[DATASET — start]

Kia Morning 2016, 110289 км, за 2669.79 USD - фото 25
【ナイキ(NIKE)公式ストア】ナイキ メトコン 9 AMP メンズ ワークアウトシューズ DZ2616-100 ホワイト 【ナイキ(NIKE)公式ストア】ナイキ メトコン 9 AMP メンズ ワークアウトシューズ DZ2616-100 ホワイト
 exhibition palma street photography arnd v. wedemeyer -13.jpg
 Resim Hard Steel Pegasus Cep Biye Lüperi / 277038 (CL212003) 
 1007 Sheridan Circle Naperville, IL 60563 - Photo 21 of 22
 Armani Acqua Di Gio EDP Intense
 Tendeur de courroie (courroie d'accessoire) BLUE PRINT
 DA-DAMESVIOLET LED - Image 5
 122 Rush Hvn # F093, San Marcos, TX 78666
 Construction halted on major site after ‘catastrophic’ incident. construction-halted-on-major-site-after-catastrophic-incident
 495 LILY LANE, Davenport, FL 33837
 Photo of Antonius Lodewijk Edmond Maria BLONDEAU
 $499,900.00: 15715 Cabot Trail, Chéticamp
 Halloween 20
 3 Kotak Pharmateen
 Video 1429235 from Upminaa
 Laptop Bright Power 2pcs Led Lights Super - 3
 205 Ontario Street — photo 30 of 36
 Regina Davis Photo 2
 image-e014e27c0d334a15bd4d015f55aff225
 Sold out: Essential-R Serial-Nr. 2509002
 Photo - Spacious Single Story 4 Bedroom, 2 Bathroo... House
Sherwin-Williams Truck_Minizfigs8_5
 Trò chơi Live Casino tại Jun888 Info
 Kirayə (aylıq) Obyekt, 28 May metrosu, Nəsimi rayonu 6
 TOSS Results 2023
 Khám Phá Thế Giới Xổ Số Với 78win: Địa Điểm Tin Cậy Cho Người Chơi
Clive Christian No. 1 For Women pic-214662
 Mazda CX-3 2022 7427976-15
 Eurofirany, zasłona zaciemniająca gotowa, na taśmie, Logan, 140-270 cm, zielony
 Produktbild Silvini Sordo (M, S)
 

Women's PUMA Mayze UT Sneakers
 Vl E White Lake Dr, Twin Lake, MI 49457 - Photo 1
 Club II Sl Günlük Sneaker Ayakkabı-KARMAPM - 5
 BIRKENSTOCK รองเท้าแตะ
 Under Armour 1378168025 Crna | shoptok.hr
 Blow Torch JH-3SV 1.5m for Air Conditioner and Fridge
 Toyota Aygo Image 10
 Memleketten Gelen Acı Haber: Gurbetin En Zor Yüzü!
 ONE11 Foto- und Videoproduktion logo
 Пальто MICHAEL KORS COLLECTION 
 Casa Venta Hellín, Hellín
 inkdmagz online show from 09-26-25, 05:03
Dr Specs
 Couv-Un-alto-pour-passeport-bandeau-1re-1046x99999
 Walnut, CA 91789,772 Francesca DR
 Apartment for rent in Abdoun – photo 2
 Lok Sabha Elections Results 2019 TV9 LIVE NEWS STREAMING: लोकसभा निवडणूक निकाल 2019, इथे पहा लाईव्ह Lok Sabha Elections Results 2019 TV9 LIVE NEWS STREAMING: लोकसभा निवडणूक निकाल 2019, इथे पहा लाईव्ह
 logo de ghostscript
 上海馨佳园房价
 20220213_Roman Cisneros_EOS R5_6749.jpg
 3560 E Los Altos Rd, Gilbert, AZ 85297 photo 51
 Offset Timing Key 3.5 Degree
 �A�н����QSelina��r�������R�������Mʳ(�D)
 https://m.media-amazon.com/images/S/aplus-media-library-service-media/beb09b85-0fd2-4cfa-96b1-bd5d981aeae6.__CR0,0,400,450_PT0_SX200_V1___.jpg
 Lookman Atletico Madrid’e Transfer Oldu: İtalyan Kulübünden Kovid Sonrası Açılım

[DATASET — finish]

WORK TO COMPLETE:
Beginning at the line with "Tendeur de courroie" and ending at the line with "Photo - Spacious", reproduce each line of the data above exactly, and add no other lines.

SOLUTION FOR THIS EXERCISE:
 Tendeur de courroie (courroie d'accessoire) BLUE PRINT
 DA-DAMESVIOLET LED - Image 5
 122 Rush Hvn # F093, San Marcos, TX 78666
 Construction halted on major site after ‘catastrophic’ incident. construction-halted-on-major-site-after-catastrophic-incident
 495 LILY LANE, Davenport, FL 33837
 Photo of Antonius Lodewijk Edmond Maria BLONDEAU
 $499,900.00: 15715 Cabot Trail, Chéticamp
 Halloween 20
 3 Kotak Pharmateen
 Video 1429235 from Upminaa
 Laptop Bright Power 2pcs Led Lights Super - 3
 205 Ontario Street — photo 30 of 36
 Regina Davis Photo 2
 image-e014e27c0d334a15bd4d015f55aff225
 Sold out: Essential-R Serial-Nr. 2509002
 Photo - Spacious Single Story 4 Bedroom, 2 Bathroo... House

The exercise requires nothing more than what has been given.